Return the stretch from the line with "Wolf Throw Pillow (Front)" through the line with "HangNiFang Cropped Barn" in the data below, character for character, skipping all pictures.

*** Working data ***

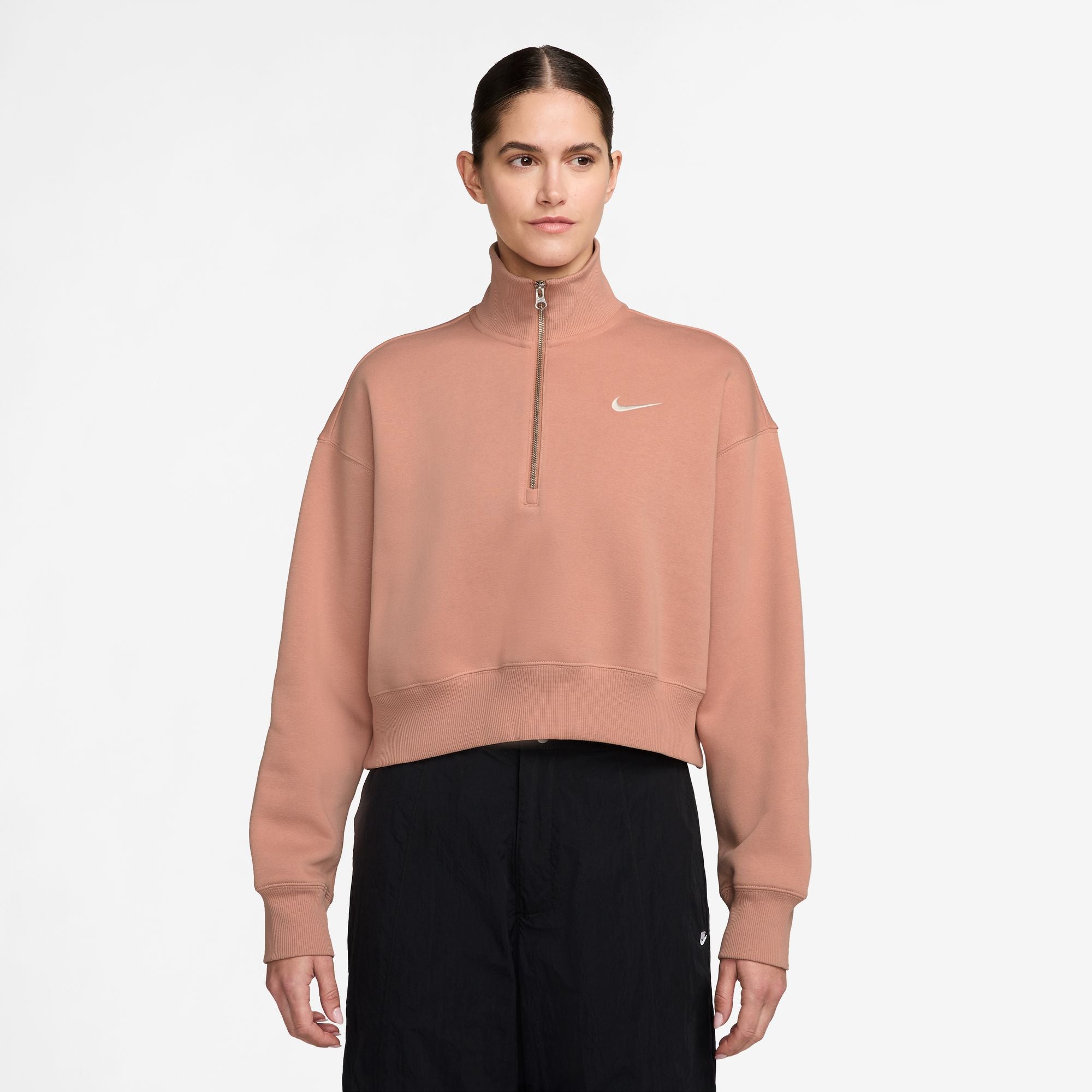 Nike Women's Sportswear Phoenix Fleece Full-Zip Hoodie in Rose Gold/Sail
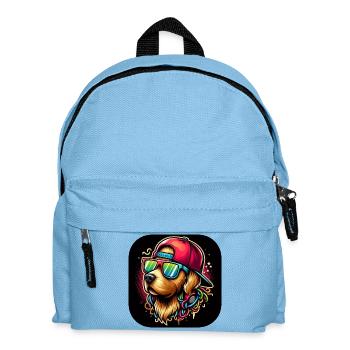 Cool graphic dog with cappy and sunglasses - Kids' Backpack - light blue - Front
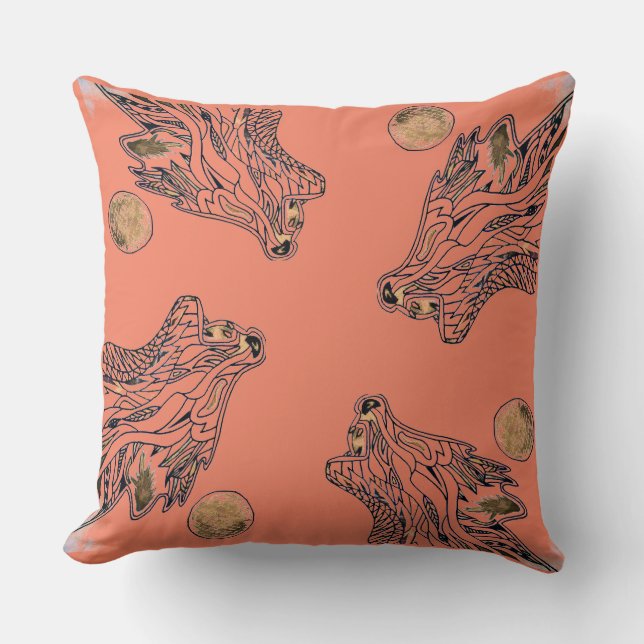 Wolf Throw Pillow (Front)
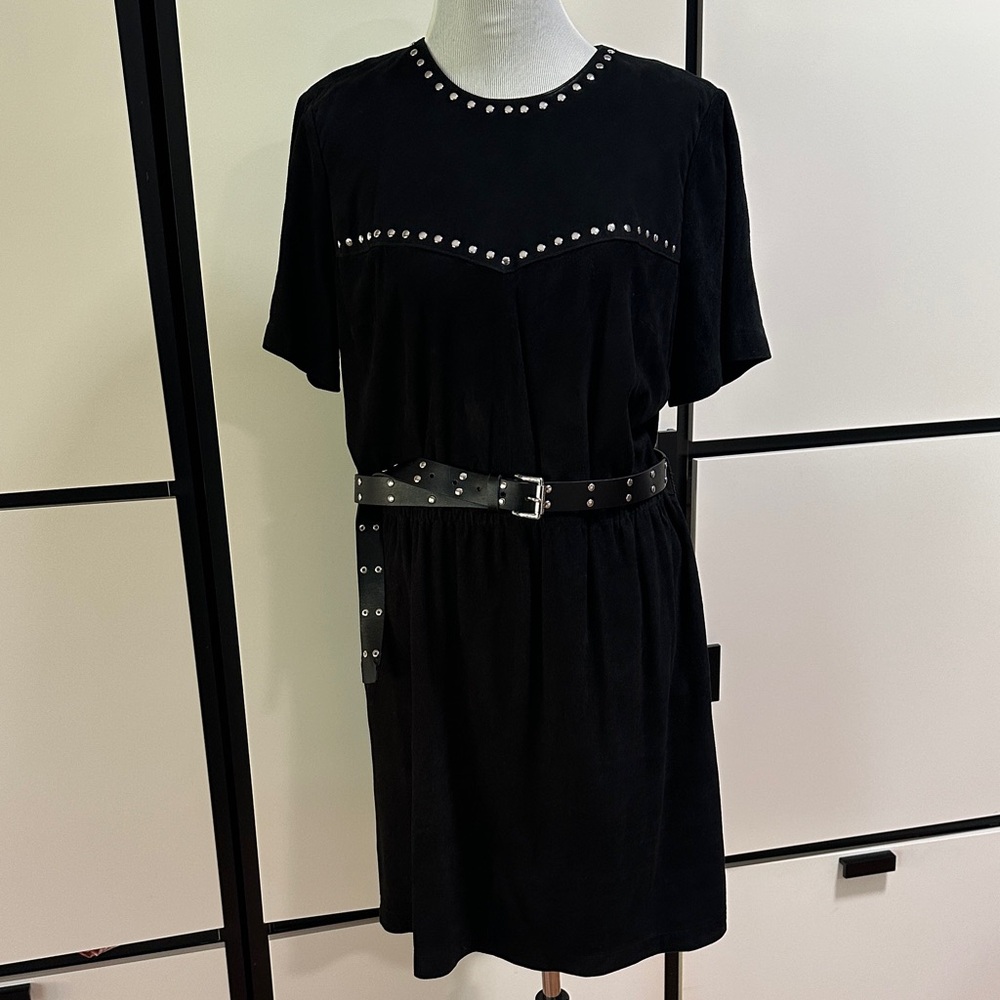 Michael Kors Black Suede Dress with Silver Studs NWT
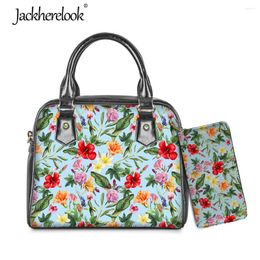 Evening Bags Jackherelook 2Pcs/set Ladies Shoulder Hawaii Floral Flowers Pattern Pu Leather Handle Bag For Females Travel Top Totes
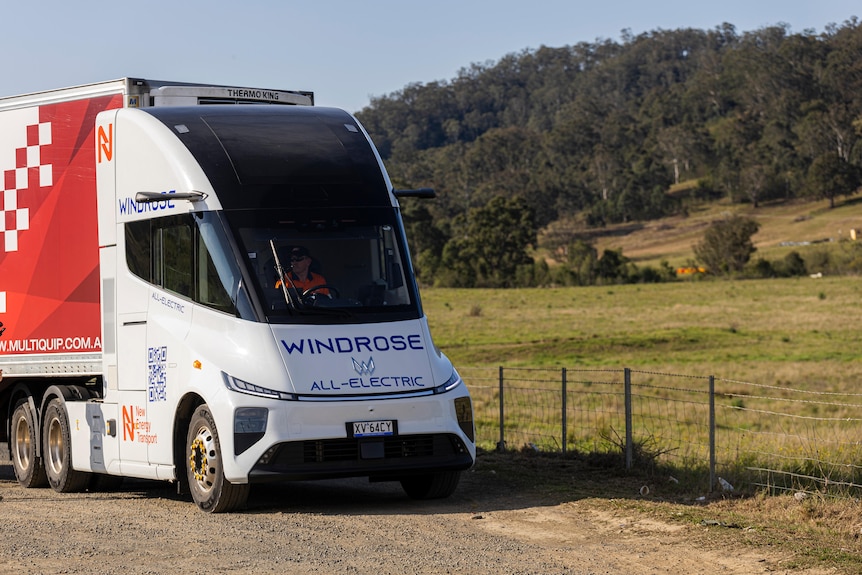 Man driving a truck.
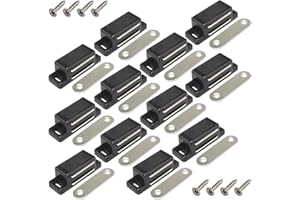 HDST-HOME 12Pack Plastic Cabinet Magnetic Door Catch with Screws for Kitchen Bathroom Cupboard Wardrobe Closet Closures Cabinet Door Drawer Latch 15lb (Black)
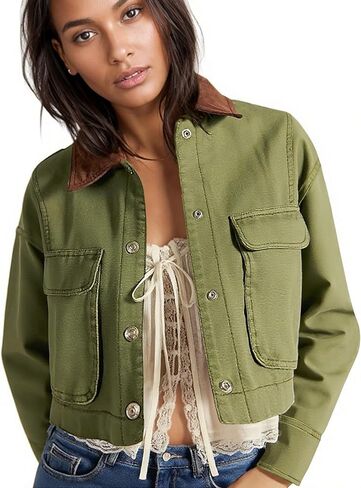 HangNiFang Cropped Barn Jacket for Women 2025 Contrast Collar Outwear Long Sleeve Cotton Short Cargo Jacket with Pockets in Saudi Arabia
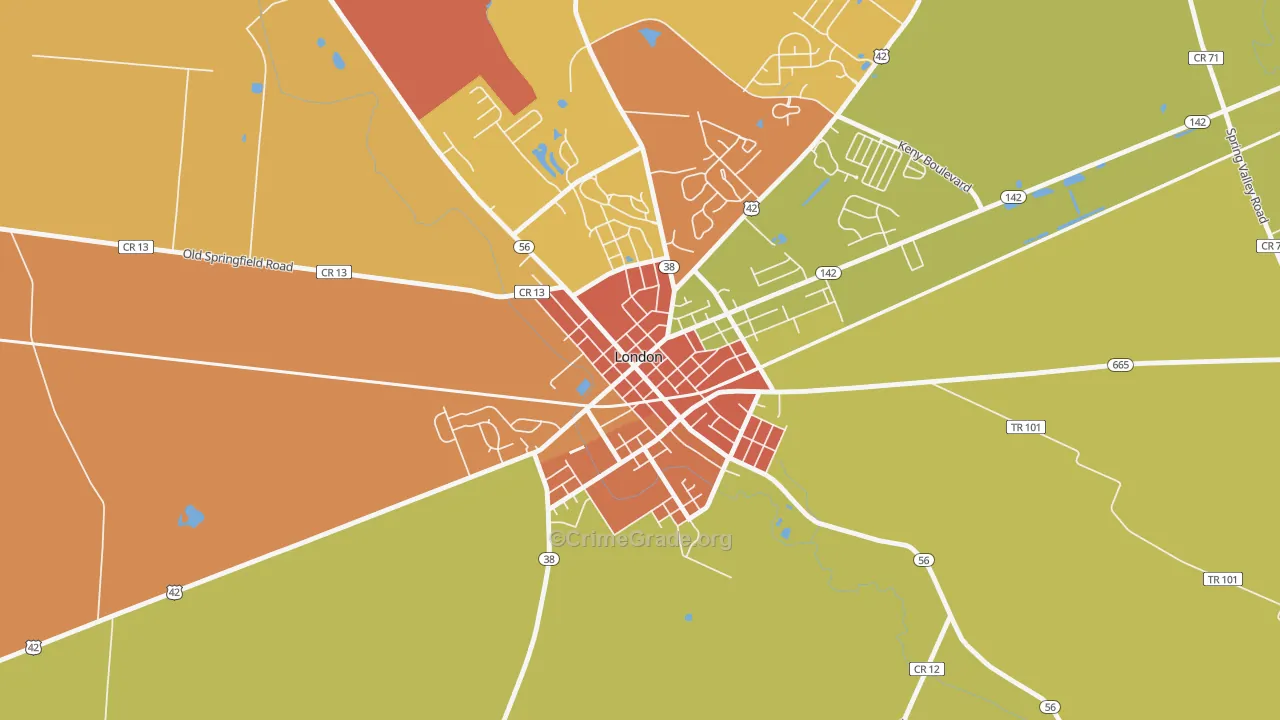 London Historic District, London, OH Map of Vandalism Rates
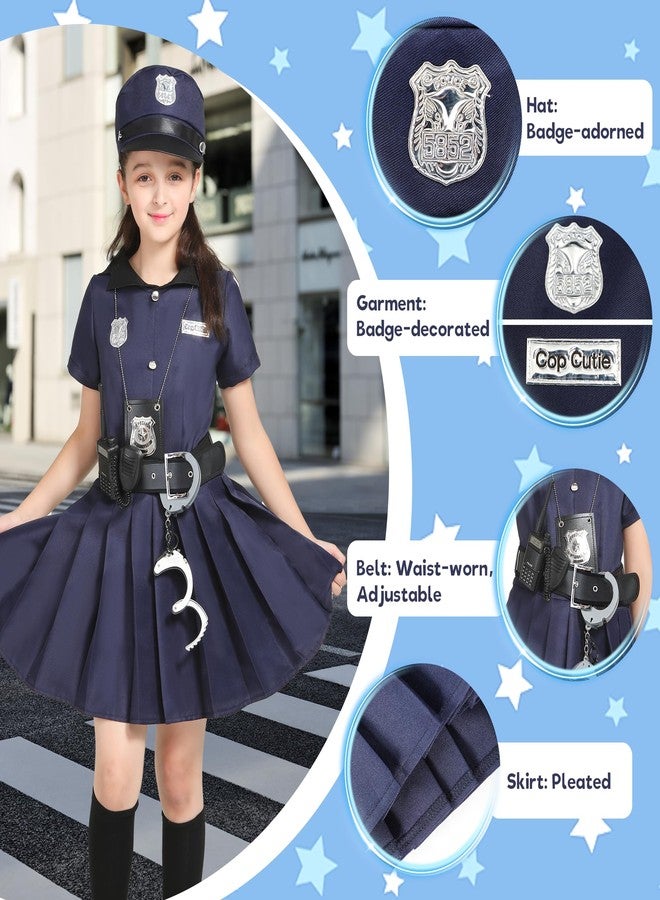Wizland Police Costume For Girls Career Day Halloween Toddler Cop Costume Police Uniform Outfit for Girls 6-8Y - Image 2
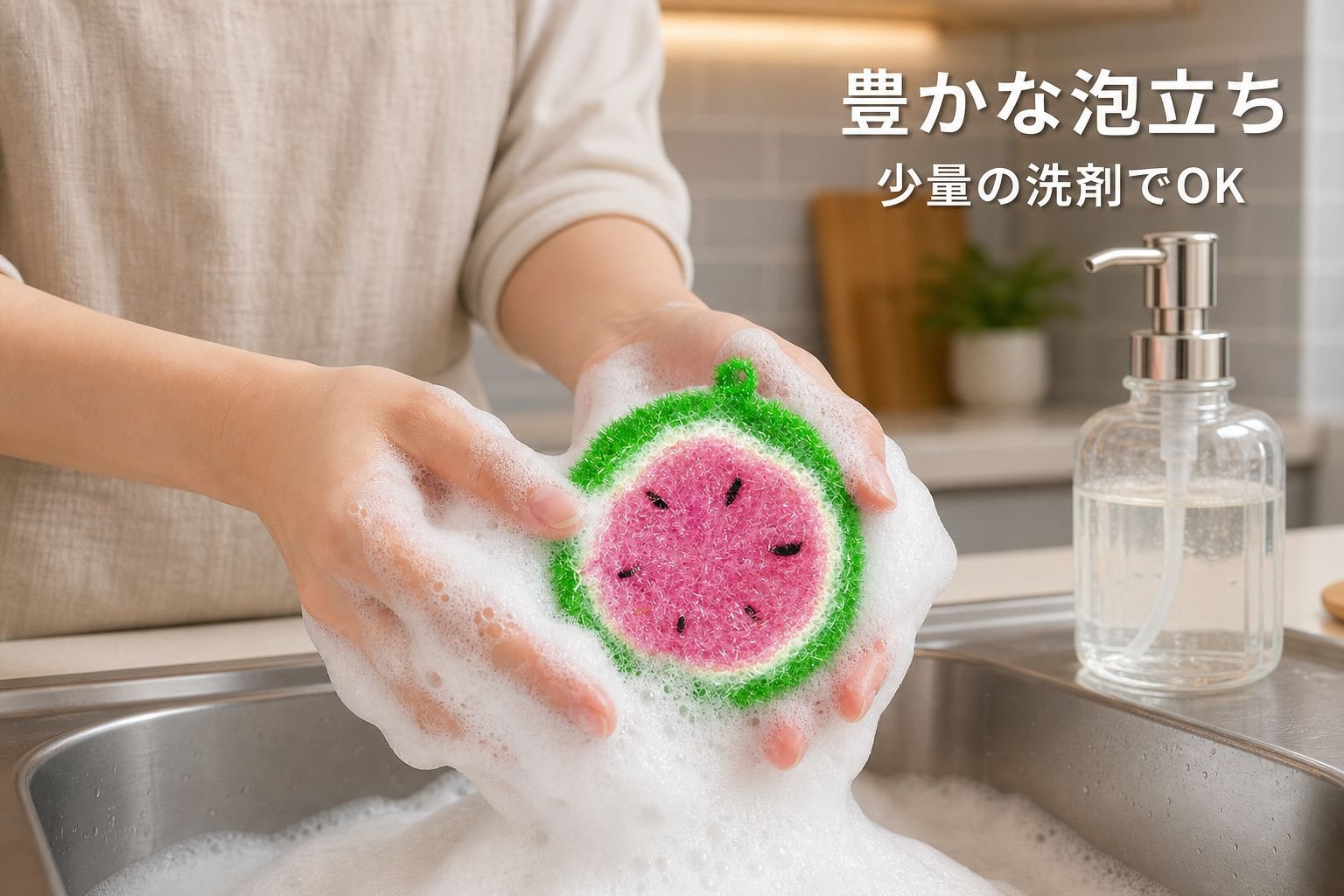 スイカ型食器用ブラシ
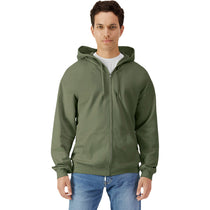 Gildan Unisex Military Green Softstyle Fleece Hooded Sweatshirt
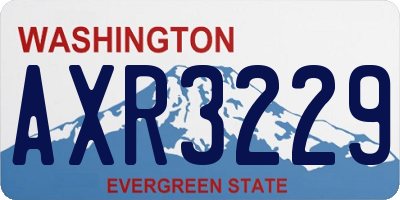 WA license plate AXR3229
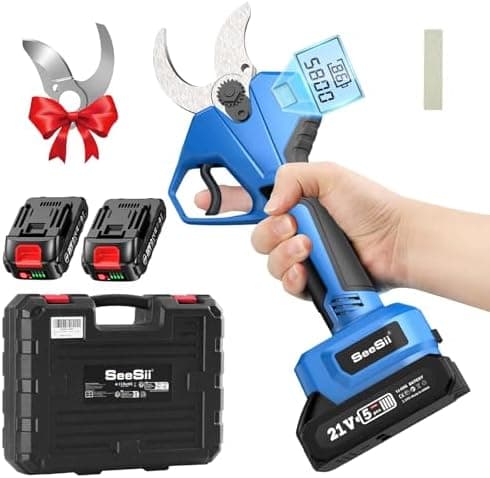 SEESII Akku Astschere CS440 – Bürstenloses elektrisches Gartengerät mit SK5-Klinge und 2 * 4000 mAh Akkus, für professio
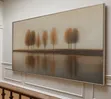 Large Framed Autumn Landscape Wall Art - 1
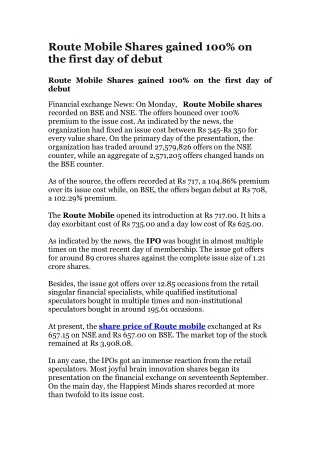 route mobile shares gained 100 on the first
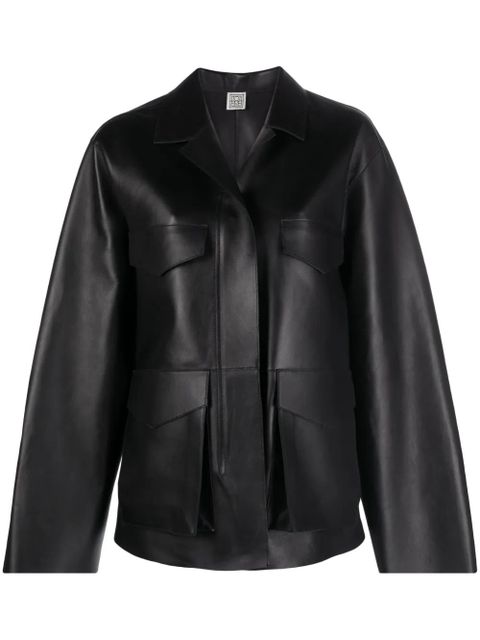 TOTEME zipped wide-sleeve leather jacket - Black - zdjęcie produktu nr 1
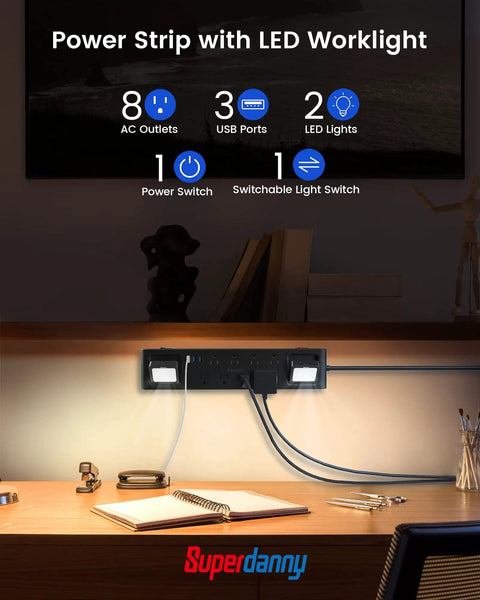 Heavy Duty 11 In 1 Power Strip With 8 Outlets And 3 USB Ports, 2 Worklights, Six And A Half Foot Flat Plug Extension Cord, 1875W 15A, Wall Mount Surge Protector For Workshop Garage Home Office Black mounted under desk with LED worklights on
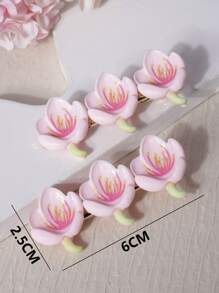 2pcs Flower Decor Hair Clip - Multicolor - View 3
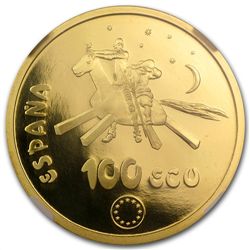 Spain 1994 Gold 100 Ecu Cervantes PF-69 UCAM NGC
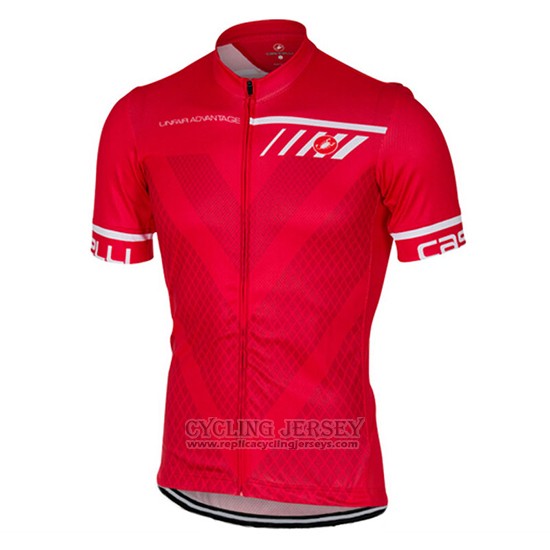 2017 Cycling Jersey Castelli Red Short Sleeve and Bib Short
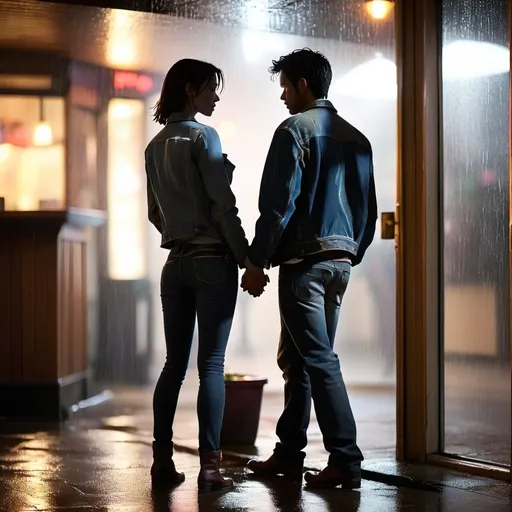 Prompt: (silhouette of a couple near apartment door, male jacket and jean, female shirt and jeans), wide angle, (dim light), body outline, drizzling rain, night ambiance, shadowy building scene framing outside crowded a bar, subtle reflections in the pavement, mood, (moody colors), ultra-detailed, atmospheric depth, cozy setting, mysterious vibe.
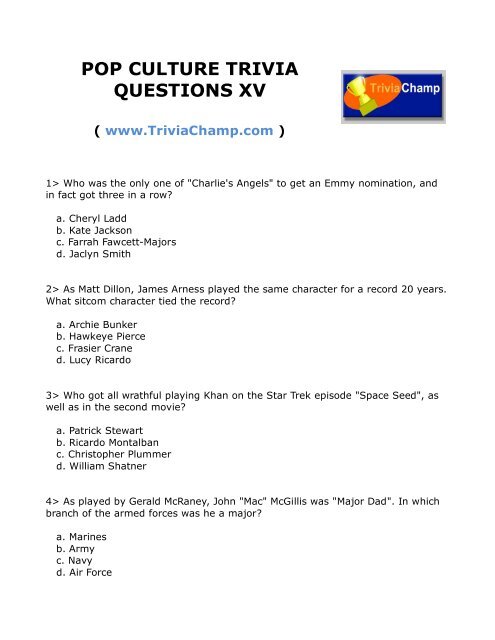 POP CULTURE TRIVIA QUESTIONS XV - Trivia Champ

***

**Response to the task**
 Wolf Throw Pillow (Front)
 Michael Kors Black Suede Dress with Silver Studs NWT
 Evening Bags Jackherelook 2Pcs/set Ladies Shoulder Hawaii Floral Flowers Pattern Pu Leather Handle Bag For Females Travel Top Totes
 Man driving a truck.
 HDST-HOME 12Pack Plastic Cabinet Magnetic Door Catch with Screws for Kitchen Bathroom Cupboard Wardrobe Closet Closures Cabinet Door Drawer Latch 15lb (Black)
 HangNiFang Cropped Barn Jacket for Women 2025 Contrast Collar Outwear Long Sleeve Cotton Short Cargo Jacket with Pockets in Saudi Arabia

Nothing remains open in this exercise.